The phenogram presented here (Fig. 1) may serve as a working hypothesis of the historical relationships among the study taxa until data from more explicitly phylogenetic methods become available. Cladistic methods are often considered preferable to phenetic methods for hypothesizing historical relationships (Li, 1999
), and some authors have pointed out that RAPDs bands may not always be homologous among taxa (e.g., Rieseberg, 1996
). However, the results of the present study corroborate the morphological taxonomic work of Bjorkmann (1960)
and Carlbom (1968)
in their separation of taxa that possess a palea (A. capillaries, A. humilis, and A. thurberiana) from those that do not, and they confirm the grouping of A. mertensii with nonthermal A. scabra, which could be predicted from their morphological similarity (M. T. Tercek, personal observation). More generally, several authors have found RAPD-based phenograms to be similar to trees produced by other methods, including morphological cladistics (e.g., James and Brown, 2000
; Fjellheim et al., 2001
; Olfelt et al., 2001
), inter-simple sequence repeats (ISSR) (Ayres and Strong, 2001
), restriction fragment length polymorphisms (RFLP) (Nocelli et al., 1999
), and isozymes (e.g., Sun and Wong, 2001
).
In conclusion, RAPD data suggest that thermal Agrostis populations of North American and Kamchatka, regardless of their geographic location, are historically related and may comprise a monophyletic taxon, although explicitly cladistic methods, based on other characters, should be used to confirm this conclusion.

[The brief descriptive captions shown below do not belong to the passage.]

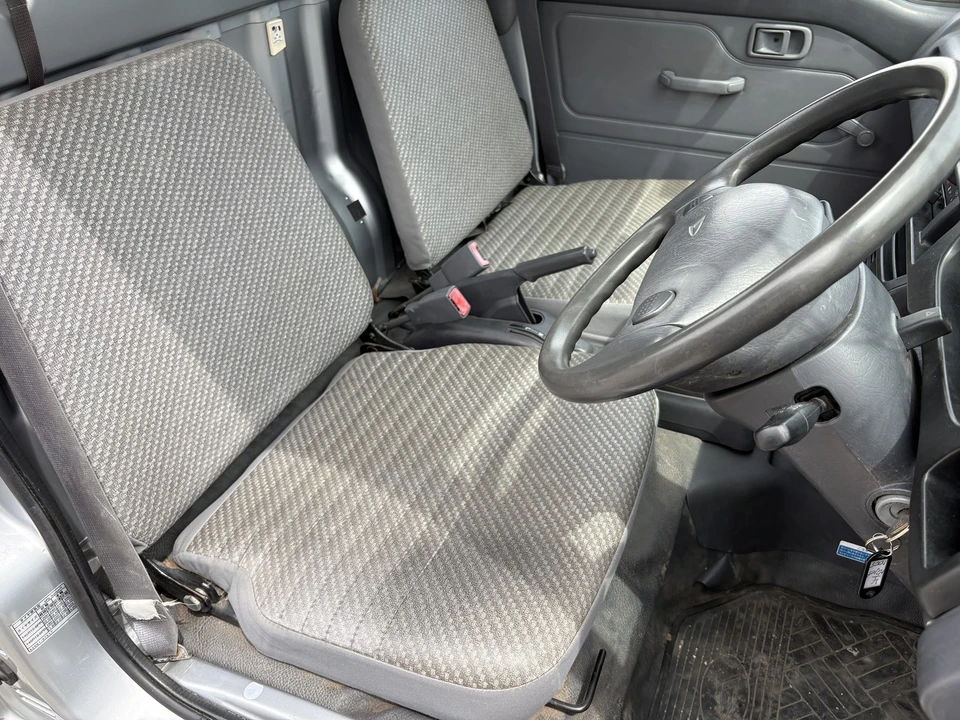 2000 Daihatsu Hijet - Image 19 of 31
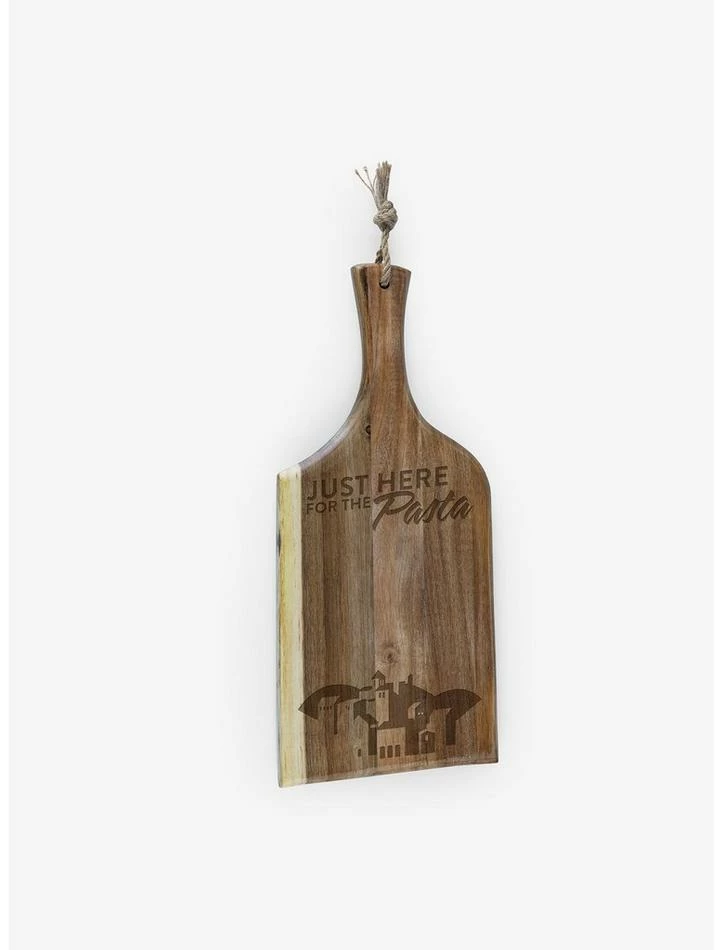 Flash Sale โญ Disney Pixar Luca Artisan 18" Acacia Serving Plank โ๏ธ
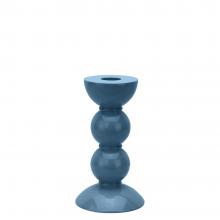 Addison Ross Bobbin Chambray Candle Stick 14cm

Field botanists and systematists should be aware that nonthermal A. scabra can be easily confused with thermal A. scabra (Hitchcock and Cronquist, 1973
; Dorn, 2001
), but they can be distinguished morphologically (Table 1). Additional research is needed before the thermal populations can be given taxonomic rank. In particular, it is important to verify the apparent consanguinity of A. rossiae and thermal A. scabra. Because they are morphologically distinct, appear to be autogamous, and probably do not hybridize in the field, they are best treated as separate species until more information is available.